Can you post pics of them.....


----------



## Wyvern (May 19, 2011)

Lemme try and take a pic of them, will be with my camera phone till my brother comes visiting later.

Ok tank dimensions are 25Lx19hx19w (this is in cms)


----------



## Wyvern (May 19, 2011)

There you can see how tiny they are. There is just the three of them OLF and this is unfortunately the biggest container I have to grow them out in for now. If they are girls they will go into a 10gallon tank as soon as they are a bit bigger and the guppies wont think of them as food.


----------



## Wyvern (May 19, 2011)

Last question = how long should I feed them the microworms?
As well as how often?


----------



## Oldfishlady (Mar 1, 2010)

So cute and so tiny....I think they will be fine in the 3gal you have them in too....just stay on top of lots of partial water changes and good nutrition...enjoy and watch them grow....

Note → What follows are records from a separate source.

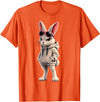 Cool Rabbit Wearing and Sunglasses Funny Rabbit Hoodie in Orange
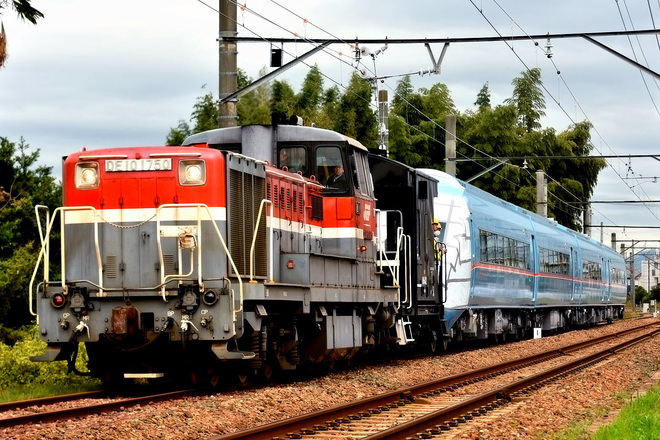 【小田急】60000形60053F（MSE)甲種輸送を日本車輌～豊川間で撮影した写真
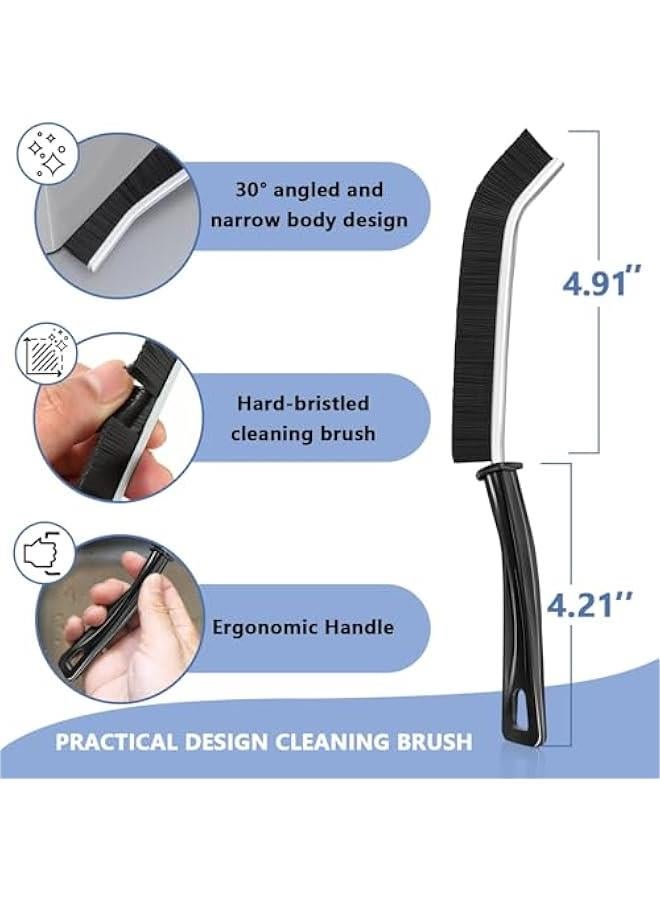 MIXDE Gap Cleaning Brush Hand-held Crevice Cleaning Tool Hard-bristled Window Groove Cleaning Brush, Small Crevice Cleaning Brushes for Blind, Baseboard, Fan, Window or Sliding Door Track (6 Pack) - Image 2
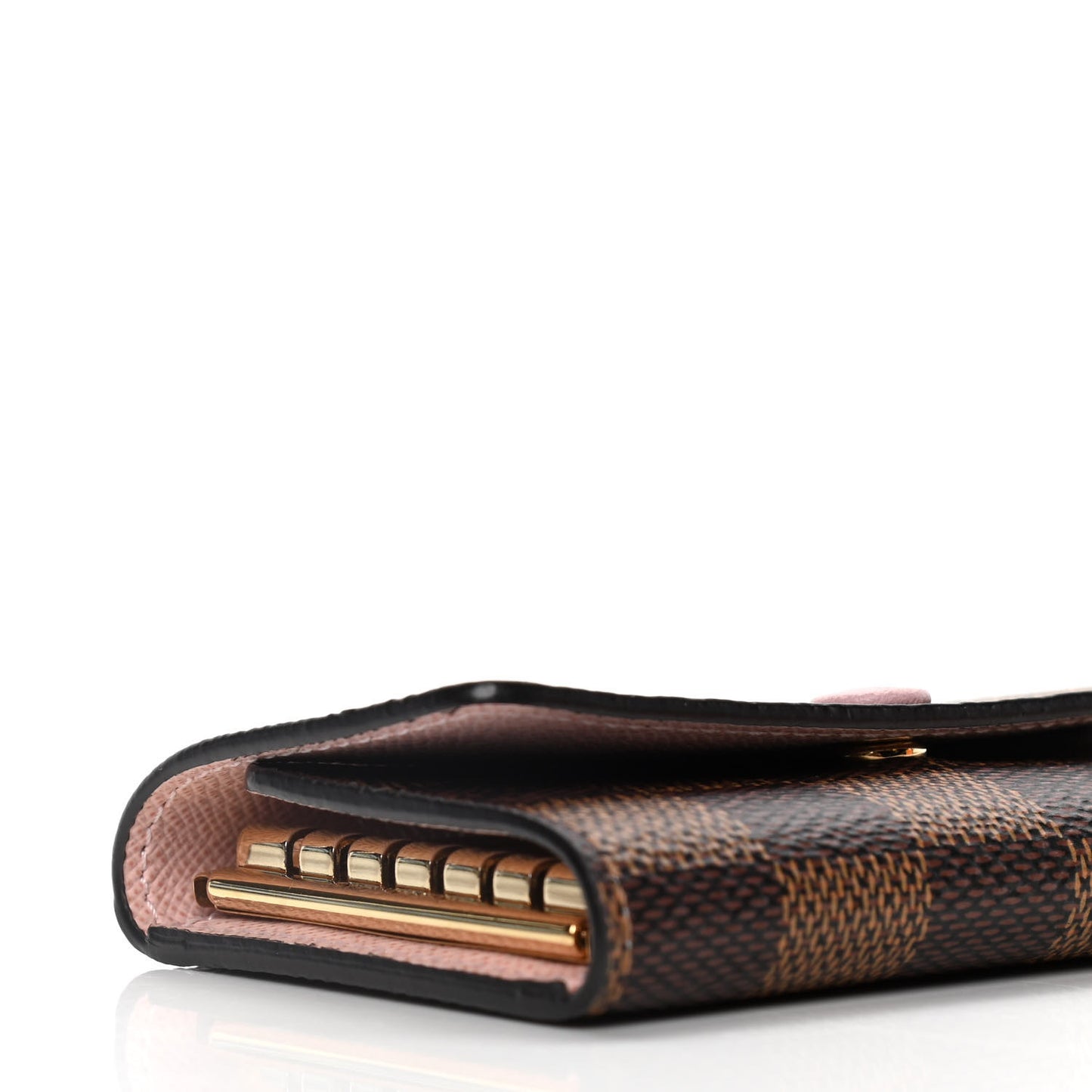Damier Ebene Multicles 6 Key Holder Rose Ballerine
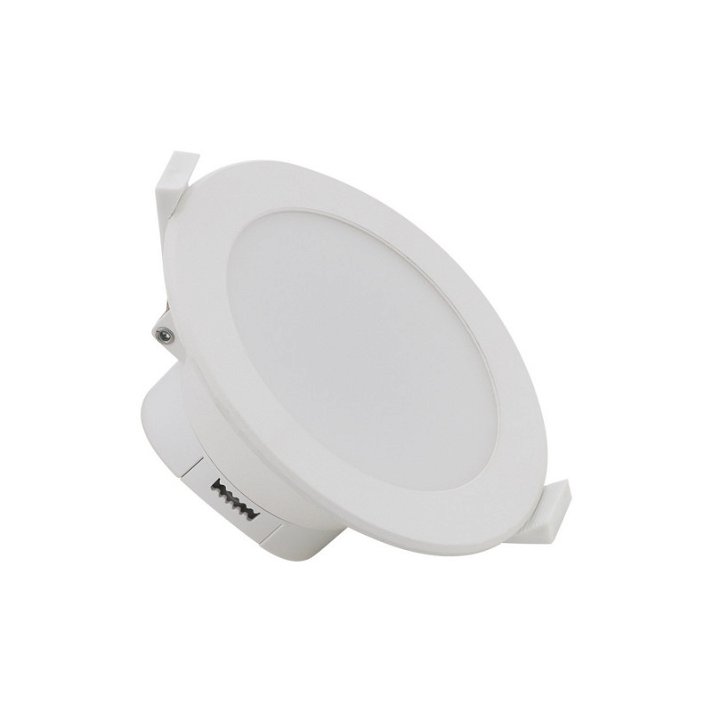 Foco LED Downlight IP44 10W fabricado en PC con diseño circular color blanco Moonled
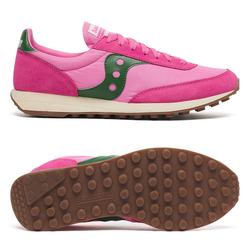 Produktbild von Saucony Trainer 80 Unisex Sneaker - Classic | Pink | Forest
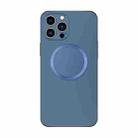 For iPhone 14 Pro Electroplating AG Frosted Magsafe Phone Case(Sea Blue) - 1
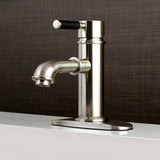 Kaiser KS7418DKL Single-Handle 1-Hole Deck Mount Bathroom Faucet with Brass Pop-Up, Brushed Nickel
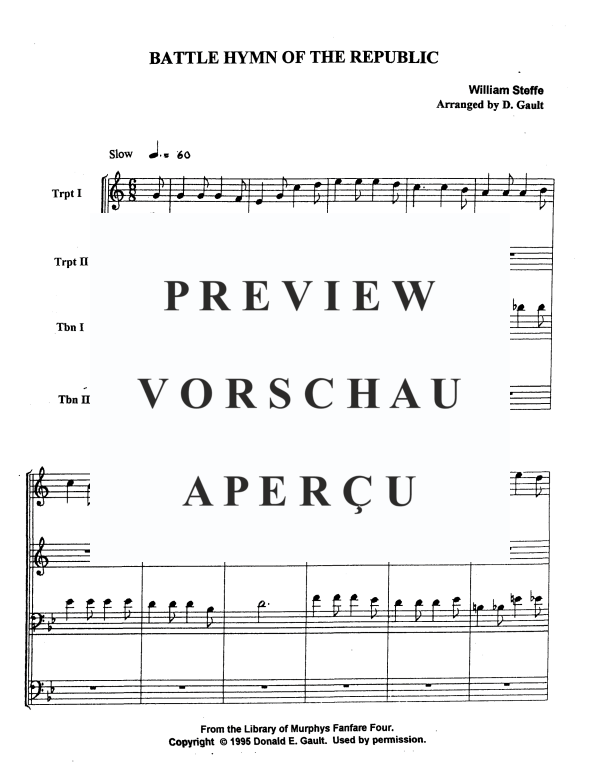 Produktgalerie: Seite 3 von 11 Battle Hymn of the Republic, , Blechbläser Quartett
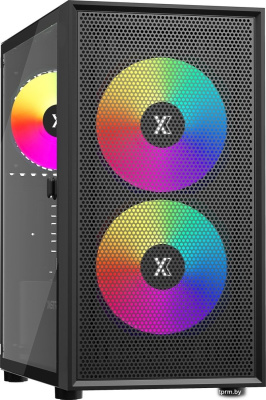 Корпус XASTRA A305M 3ARGB (черный) 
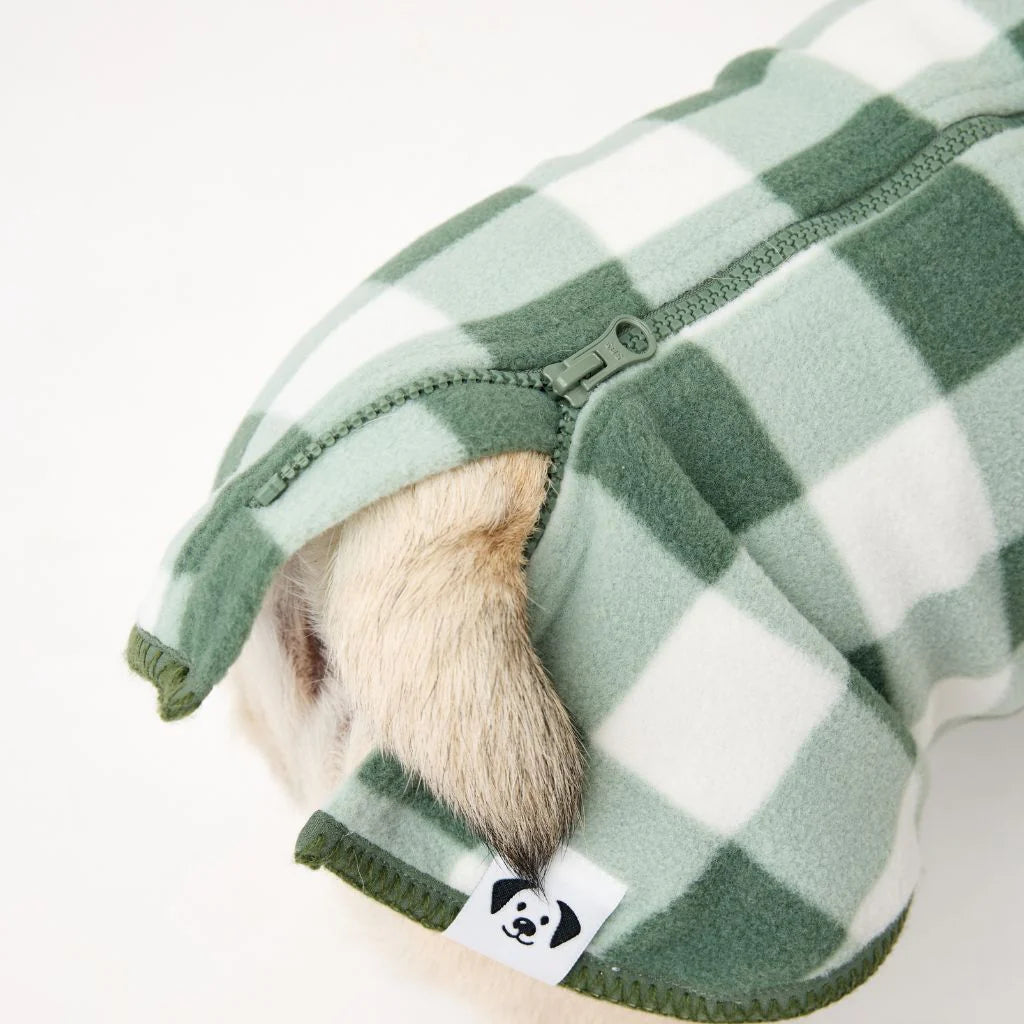 Floofy Fleece Dog Coat | Green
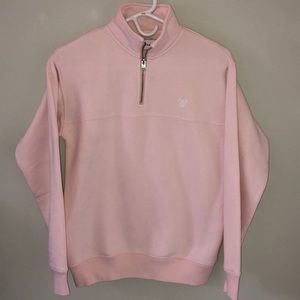 TNA Baby Pink Quarter-zip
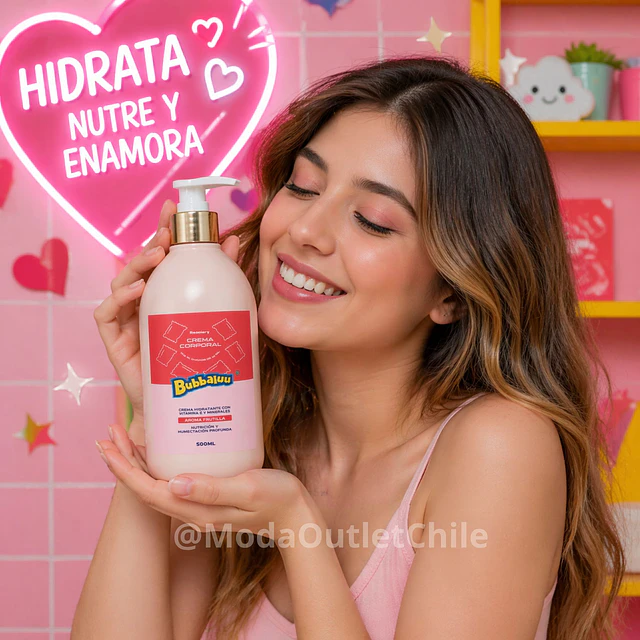 Locion Corporal Bubbaluu 500 Ml - FT -1841 - AROMA FRUTILLA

I don't feed microworms...but I am sure someone will be along soon to help you with feeding.....

I like that tank by the way..rimless I need to find me one like that...is it glass......good idea with the plastic veggie wrap to retain heat and humidity for their labyrinth.....

Look forward to watching them grow up....


----------



## Wyvern (May 19, 2011)

Hehehe thanks. Managed to measure one of them they are 1cm not half a cm so bigger than I thought. I decided to stop with the microworms. Its very tiny and I suspect that was all they had. I gave them some mysis (almost like baby brine shrimp). And the kids loved it. It was frozen and they attacked it and each ate 2 shrimps. The shrimps are about .75 of an inch. 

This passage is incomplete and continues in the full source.